6tbsp red onion chutney

2 rashers smoked streaky bacon


  1. Preheat the oven to 200C/180C(fan)/gas mark 6. Line a tray with baking paper in preparation.
  2. Start the choux pastry by combining the butter and water in a pan and bringing to a rapid boil. Sieve together the flour, sugar and salt in a separate bowl.
  3. Remove the pan from the heat, add the dry ingredients and stir briskly with a wooden spoon. You want to keep stirring until the dough forms a ball that pulls away from the sides of the pan. Leave to cool slightly.
  4. Whisk the eggs together in a separate bowl. Pour the beaten eggs into the dough mixture, stirring continuously until it comes together. Use a large spoon or an ice cream scoop to drop large balls of dough onto the baking paper.
  5. Bake the profiterole shells for 30-35 minutes, or until crisp and golden. Leave to cool on a wire rack, poking a hole in the base of each shell to release any steam.
  6. Whip the double cream until soft peaks form. Fold in the goat’s cheese, add some black pepper, and try a little of the mixture to gauge the seasoning. Keep adding and tasting until the balance of pepper to cheese is just right for your palate.
  7. Scoop the cheese filling into a piping bag fitted with a long, thin nozzle.
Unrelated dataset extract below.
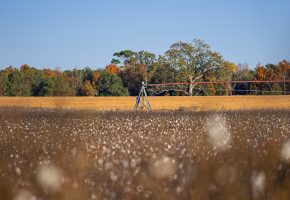 Randolph Irrigated Farm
Insert the nozzle into the holes you made in the profiteroles whilst they were cooling, dispensing a generous amount of filling in each shell.
  8. Lightly grill the bacon until the fat is glisteningly crisp. When the bacon is cool, snip it into small pieces using a pair of kitchen scissors. Spread a layer of chutney over each profiterole and sprinkle with bacon confetti whilst resisting the urge to gobble up the entire batch yourself.